Machine Learning certifications are all the rage now and AWS is one of the top cloud platforms.

Getting AWS certified can show employers your Machine Learning and cloud computing knowledge. AWS certifications can also give you life-time bragging rights!

So, whether you want a resume builder or just to consolidate your knowledge, the AWS Certified Machine Learning Exam is a great start!

Want to know how I passed this exam? Check this guide out!

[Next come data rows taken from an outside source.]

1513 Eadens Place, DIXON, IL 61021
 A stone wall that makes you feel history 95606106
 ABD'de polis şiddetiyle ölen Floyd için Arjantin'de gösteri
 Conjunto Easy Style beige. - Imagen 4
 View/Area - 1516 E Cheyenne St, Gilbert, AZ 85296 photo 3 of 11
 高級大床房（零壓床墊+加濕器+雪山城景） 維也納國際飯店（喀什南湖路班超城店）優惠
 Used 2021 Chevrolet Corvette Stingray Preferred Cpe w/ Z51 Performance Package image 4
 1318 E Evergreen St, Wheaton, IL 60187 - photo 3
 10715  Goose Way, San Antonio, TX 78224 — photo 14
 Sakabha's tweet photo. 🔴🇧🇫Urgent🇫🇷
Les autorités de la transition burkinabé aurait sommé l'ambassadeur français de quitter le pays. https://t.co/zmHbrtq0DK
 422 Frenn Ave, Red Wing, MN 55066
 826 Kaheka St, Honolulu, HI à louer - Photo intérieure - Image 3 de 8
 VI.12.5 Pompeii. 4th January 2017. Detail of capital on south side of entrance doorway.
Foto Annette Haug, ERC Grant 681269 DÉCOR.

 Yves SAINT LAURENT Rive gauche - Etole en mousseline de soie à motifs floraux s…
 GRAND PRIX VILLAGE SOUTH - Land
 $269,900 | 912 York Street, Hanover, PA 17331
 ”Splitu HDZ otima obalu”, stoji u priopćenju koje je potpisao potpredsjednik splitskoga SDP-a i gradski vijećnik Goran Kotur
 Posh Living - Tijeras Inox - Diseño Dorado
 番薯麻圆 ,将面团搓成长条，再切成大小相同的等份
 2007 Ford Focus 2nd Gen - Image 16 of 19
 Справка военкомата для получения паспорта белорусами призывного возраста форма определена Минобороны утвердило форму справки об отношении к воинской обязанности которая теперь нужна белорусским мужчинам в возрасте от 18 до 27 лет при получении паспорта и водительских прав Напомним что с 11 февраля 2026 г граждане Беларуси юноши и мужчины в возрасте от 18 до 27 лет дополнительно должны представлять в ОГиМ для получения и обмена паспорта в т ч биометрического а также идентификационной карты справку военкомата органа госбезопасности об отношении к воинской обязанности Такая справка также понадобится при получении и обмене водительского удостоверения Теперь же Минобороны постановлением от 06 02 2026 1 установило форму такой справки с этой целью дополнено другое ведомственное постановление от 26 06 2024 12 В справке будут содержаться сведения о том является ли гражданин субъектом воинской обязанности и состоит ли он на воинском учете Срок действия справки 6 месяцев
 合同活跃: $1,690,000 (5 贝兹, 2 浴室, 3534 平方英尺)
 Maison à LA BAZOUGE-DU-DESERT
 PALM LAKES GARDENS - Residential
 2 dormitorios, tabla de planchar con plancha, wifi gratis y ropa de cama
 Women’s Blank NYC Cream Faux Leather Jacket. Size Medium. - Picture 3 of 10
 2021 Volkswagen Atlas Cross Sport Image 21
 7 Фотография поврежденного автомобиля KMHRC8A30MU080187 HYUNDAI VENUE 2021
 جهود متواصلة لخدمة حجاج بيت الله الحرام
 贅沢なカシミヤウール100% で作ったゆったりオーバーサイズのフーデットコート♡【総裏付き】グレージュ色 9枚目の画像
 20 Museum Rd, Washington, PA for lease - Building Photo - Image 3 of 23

This series has you covered on the ML-OPs in AWS:

robot looking down at a list
ML-OPs is the final step in model building!

Availability Zones

SageMaker endpoints can help protect your application from Availability Zone outages and instance failures. If an outage occurs or instance fails, SageMaker automatically attempts to distribute your instances across Availability Zones. AWS recommends that you deploy multiple instances for each production endpoint. If you are using a VPC configure it with at least two subnets, each in a different Availability Zone. AWS recommends to use more small instance types in different Availability Zones to host the endpoints.

Serverless Inference

This is ideal for workloads that have idle periods between heavy traffic, it can also tolerate cold starts (can use CloudWatch to monitor how long your cold start time is). Serverless endpoints can launch compute resources automatically and scale them depending on traffic. This integrates with AWS Lambda to offer high available, built-in fault tolerance and automatic scaling. When there are no requests, Severless Inference scales down your enpoint to 0, helping to lower costs. When you have a predictable heavy traffic you can use Provisioned Concurrency with Serverless Inference. Just specify your container, memory and con-concurrency requirements and AWS will take care of the amount of hardware. Can use CloudWatch to monitor the ModelSetupTime to deploy your new inference models as its being automatically scaled up or down, Invocations , and MemoryUtilization over time.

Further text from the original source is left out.